· Fachbeitrag · Schadenabwicklung
Sollen wir künftig die Rechnung auf den Versicherer ausstellen und die SB des Kunden nennen?
| Eine Kfz-Werkstatt wurde von einem Versicherer aufgefordert, die Reparaturrechnungen künftig auf den Versicherer auszustellen und die Höhe der Selbstbeteiligung (SB) des Kunden auf der RKÜ zu vermerken. Sie möchte nun wissen, ob sie diesen Aufforderungen nachkommen soll. |
Frage: Heute erhielt ich einen merkwürdigen Anruf von einem großen Versicherer. Wir haben einen Vollkaskoschaden abgerechnet und die Rechnung auf unseren Kunden ausgestellt, wie immer. Nun behauptet die Sachbearbeiterin, dass die Rechnung auf den Versicherer ausgestellt werden muss. Das wäre so üblich, und das machen auch andere Werkstätten, da der Versicherer ja auch die Rechnung zahlen würde. Stimmt es tatsächlich, dass die Reparaturrechnung auf den Versicherer ausgestellt werden muss? Bezüglich der Selbstbeteiligung wurde gesagt, dass die Kundin ja eine habe, wir das auf dem RKÜ-Formular aber nicht vermerkt hätten.

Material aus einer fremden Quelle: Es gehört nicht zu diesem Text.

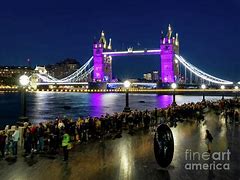 Image result for The Queue for the Queen at Tower Bridge Vigil Pictures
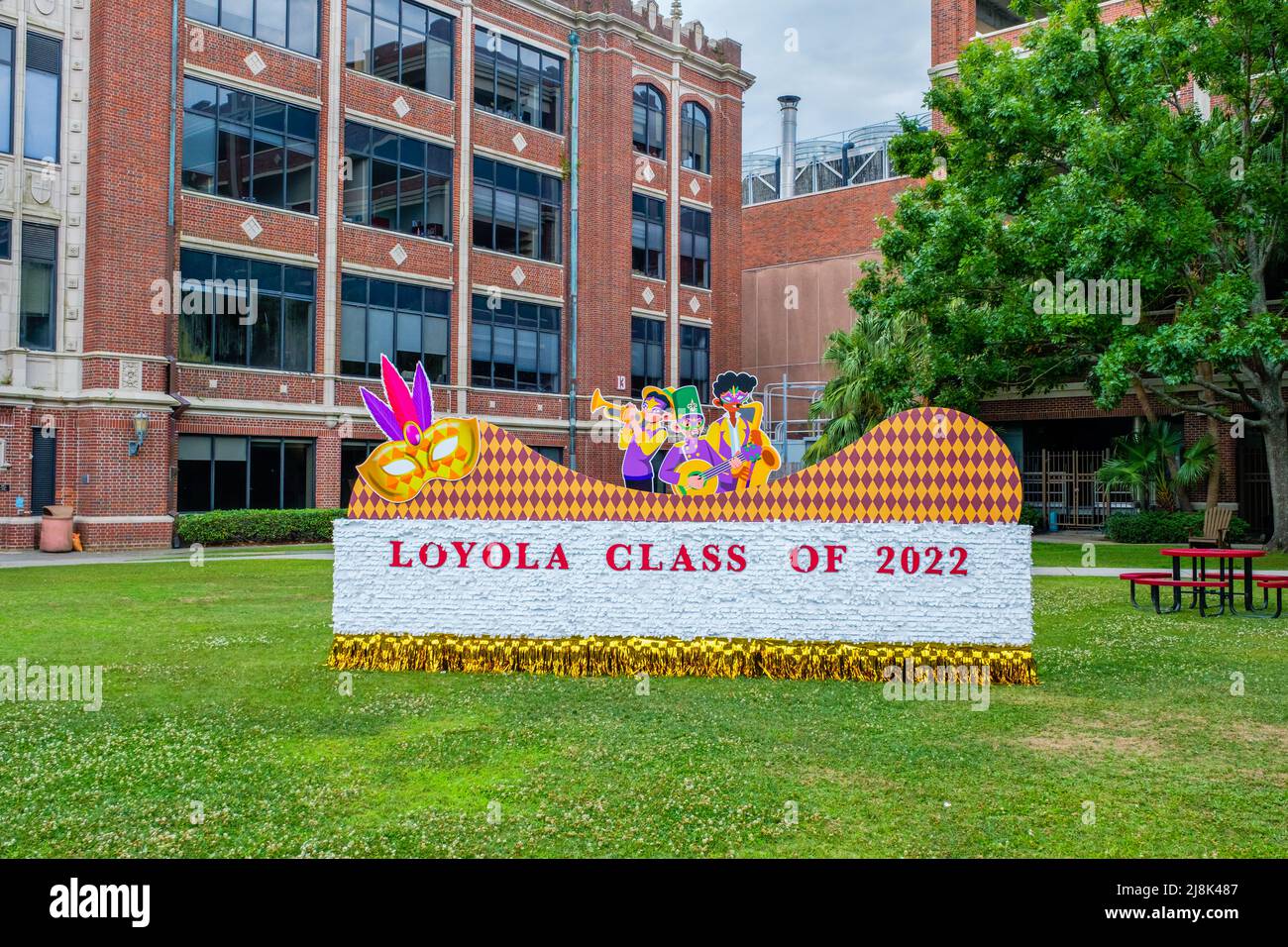 NEW ORLEANS, LA, USA - 13. MAI 2022: Loyola Class of 2022 unterzeichnen auf dem Loyola University Campus Stockfoto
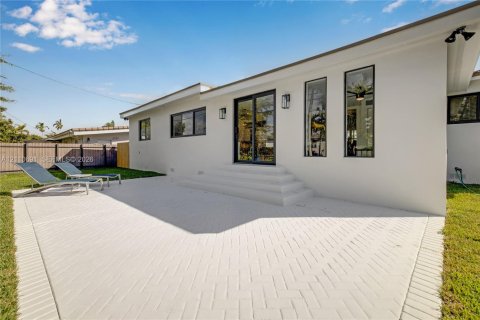 Villa ou maison à louer à Miami, Floride: 4 chambres, 204.38 m2 № 2431283 - photo 26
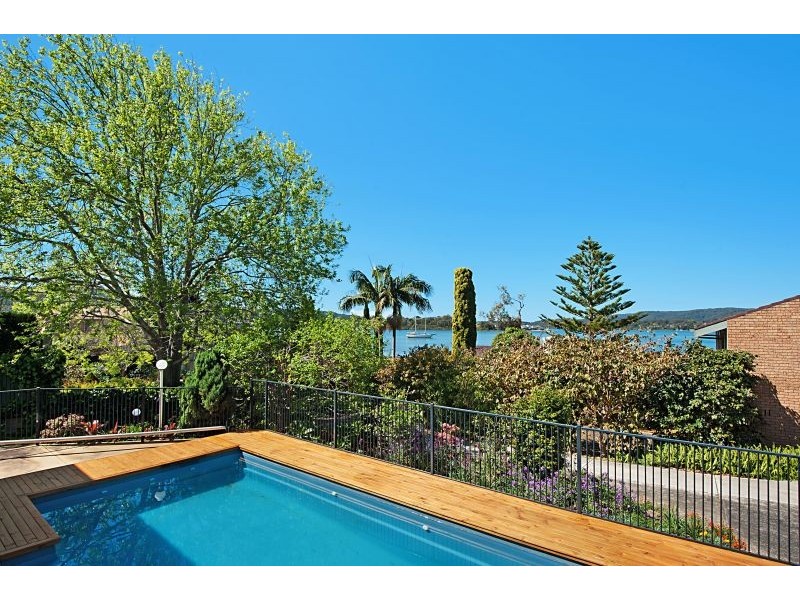 57a Albany Street, Point Frederick NSW 2250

Zu dem Zeitpunkt der Abwicklung hatte unsere Kundin uns nicht sagen können wie hoch die SB ist. Dies teilte ich auch dem Versicherer mit. Man nannte mir dann die Höhe der SB und teilte mir mit, man werde die Rechnung ausnahmsweise zahlen. Ich bat - man weiß ja nie, was noch kommt - die Sachbearbeiterin um eine schriftliche Mitteilung, dass die Rechnungen in Zukunft auf den Versicherer ausgestellt werden solle. Ob wir das dann gegebenenfalls befolgen werden, hängt von Ihrer Antwort ab.
Unsere Antwort: Das sind bei Licht besehen zwei Fragen.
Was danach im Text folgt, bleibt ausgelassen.